■ TASK PROMPT:
The pictures must be left out, while the rest of the data is copied exactly.

——————

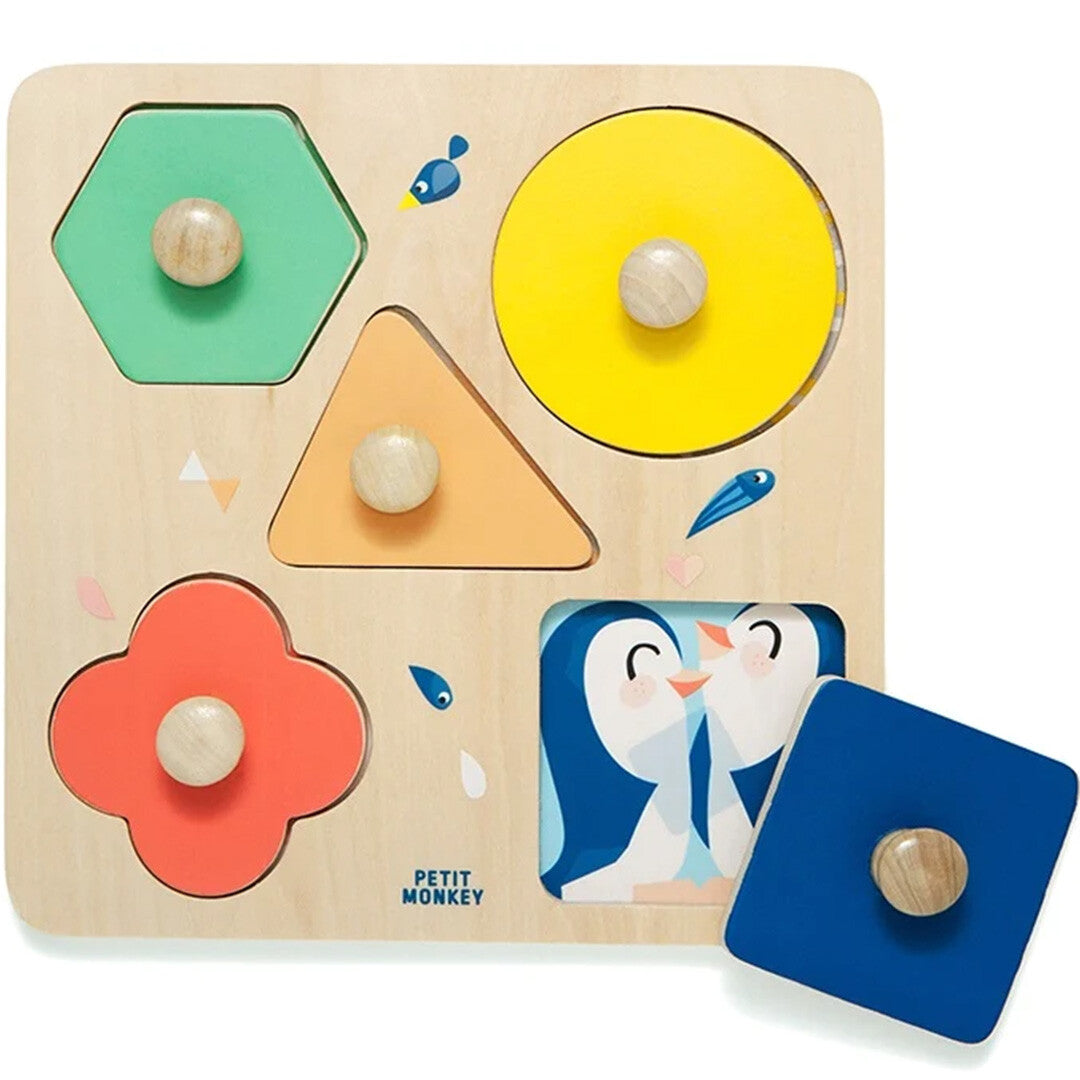 petit monkey vormenpuzzel one day at the zoo  | PMWT008 | 2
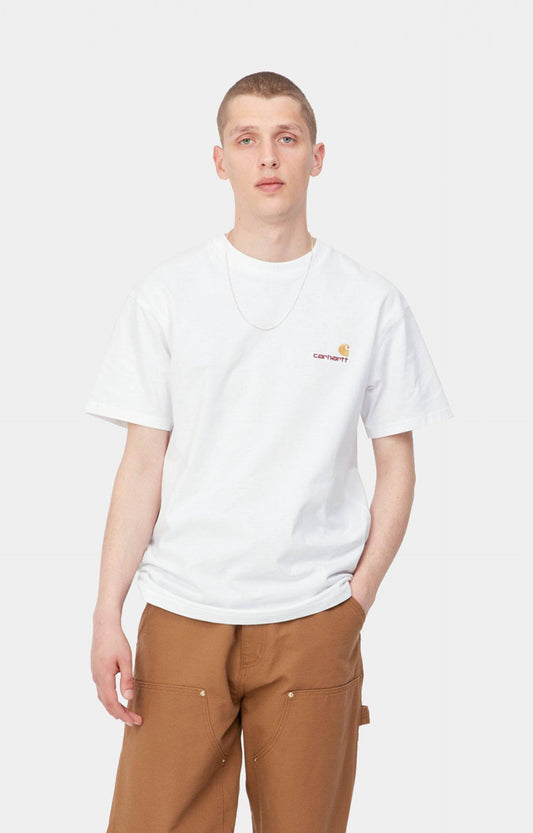 Carhartt WIP American Script T-Shirt, White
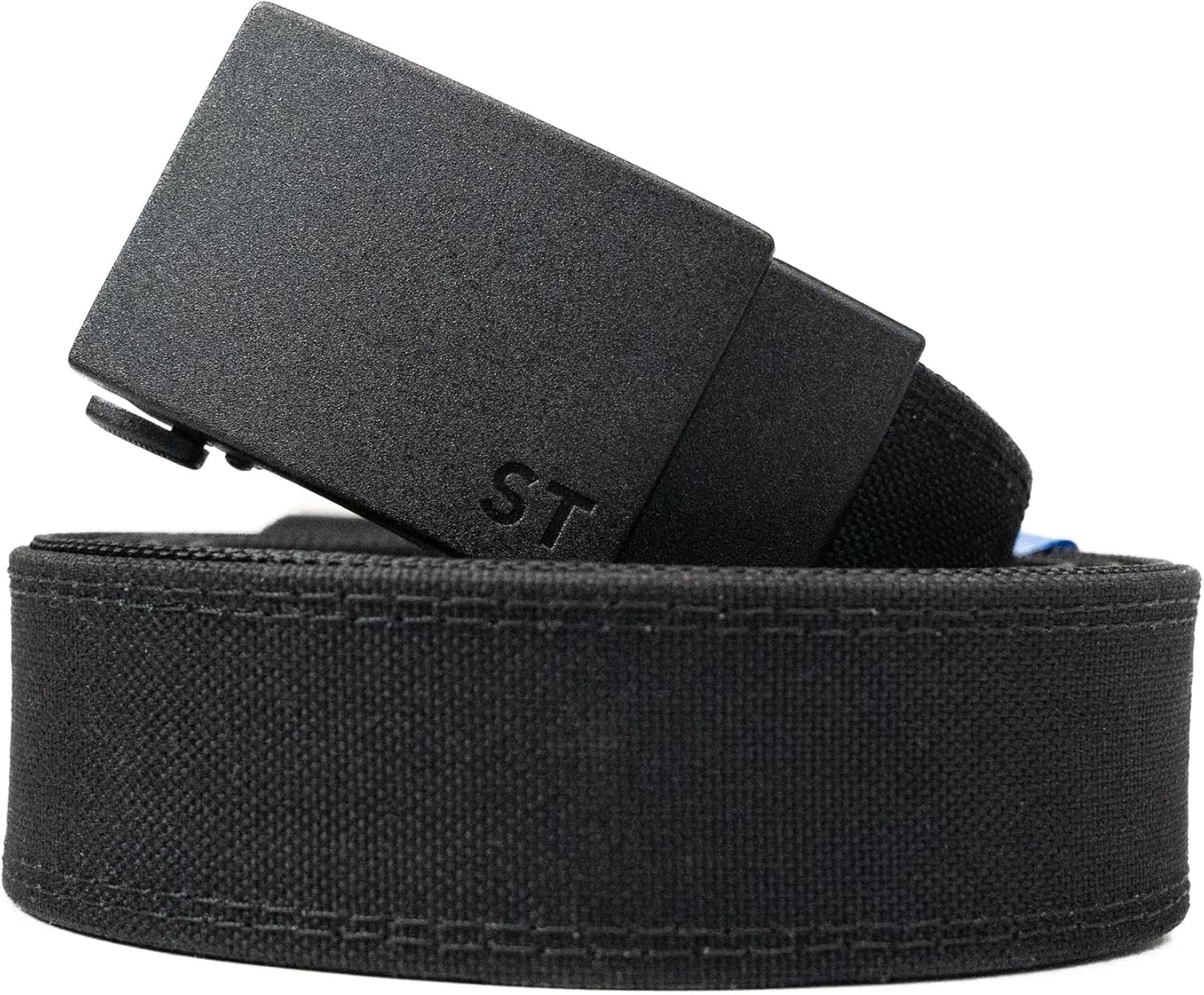 Savage Tacticians EDC Ratchet Belt for Men - Tactical 1.5" Nylon Gun Belt - Matte Black Strap for Concealed Carry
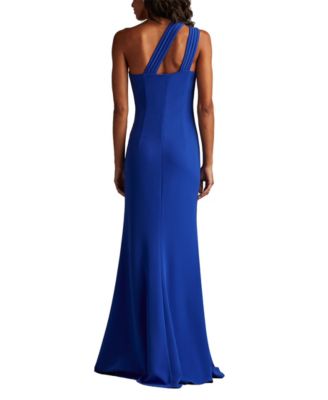 Viveca One-Shoulder Keyhole Gown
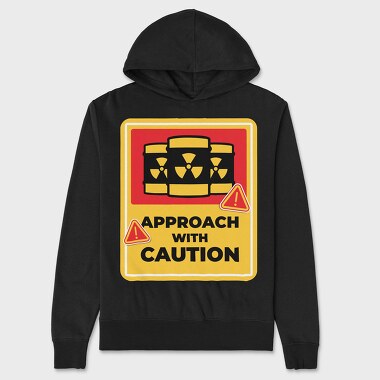 Caution Signal, Hanorac Oversize Barbati (Unisex)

——————

■ RESULT:
 petit monkey vormenpuzzel one day at the zoo  | PMWT008 | 2
 Carhartt WIP American Script T-Shirt, White
 Savage Tacticians EDC Ratchet Belt for Men - Tactical 1.5" Nylon Gun Belt - Matte Black Strap for Concealed Carry
 Viveca One-Shoulder Keyhole Gown
 Caution Signal, Hanorac Oversize Barbati (Unisex)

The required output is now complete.